Your task: Repeat the lines below exactly as written, please, from the line with "338 Coral Way W" to the line with "１個３００円のＬＥＤウエッジ", both lines included, and no others.

Material for the task:
----
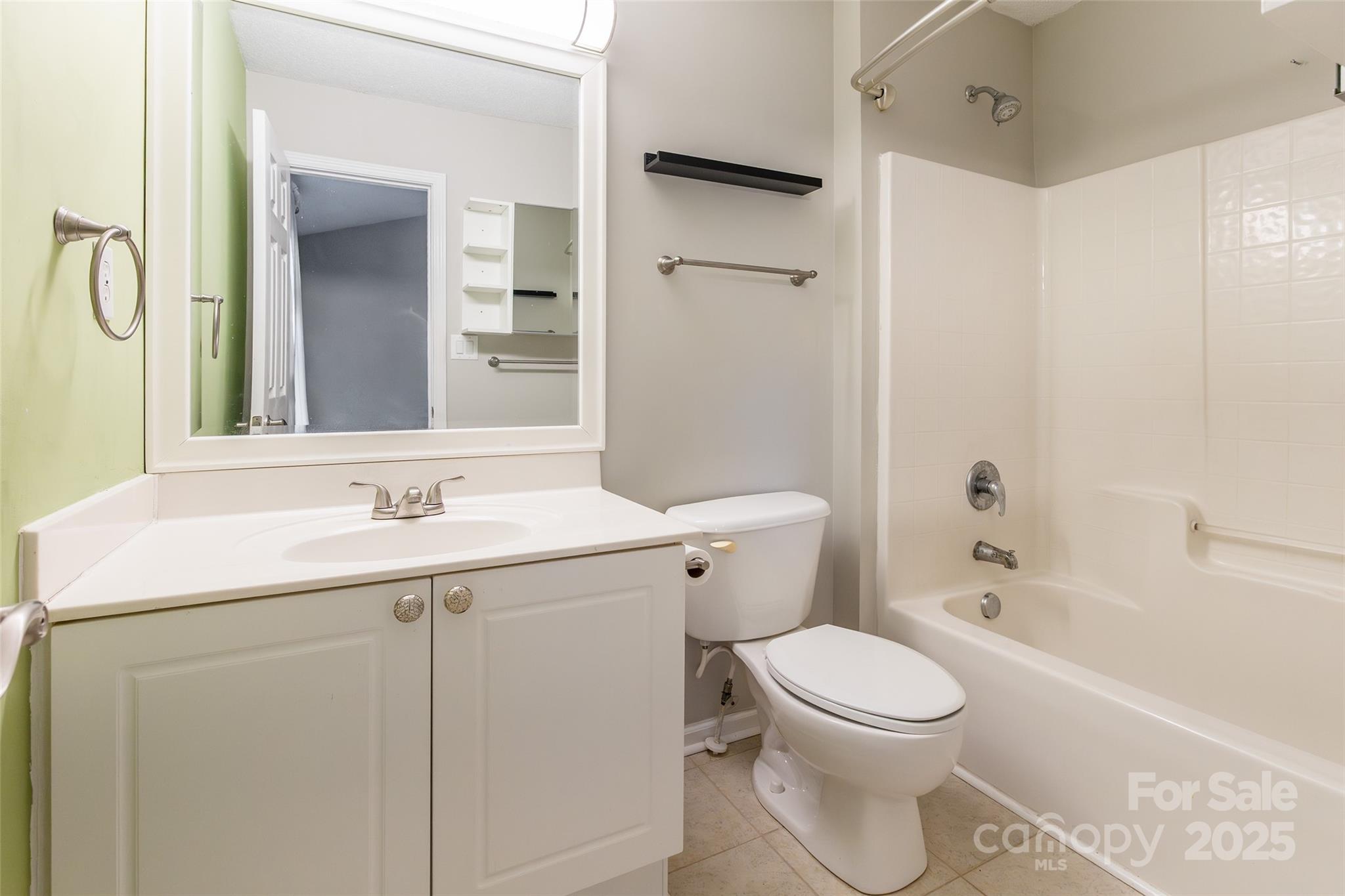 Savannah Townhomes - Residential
----
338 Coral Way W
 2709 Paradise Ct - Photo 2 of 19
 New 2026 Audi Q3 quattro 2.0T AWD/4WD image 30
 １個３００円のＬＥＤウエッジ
----
Exercise result:
338 Coral Way W
 2709 Paradise Ct - Photo 2 of 19
 New 2026 Audi Q3 quattro 2.0T AWD/4WD image 30
 １個３００円のＬＥＤウエッジ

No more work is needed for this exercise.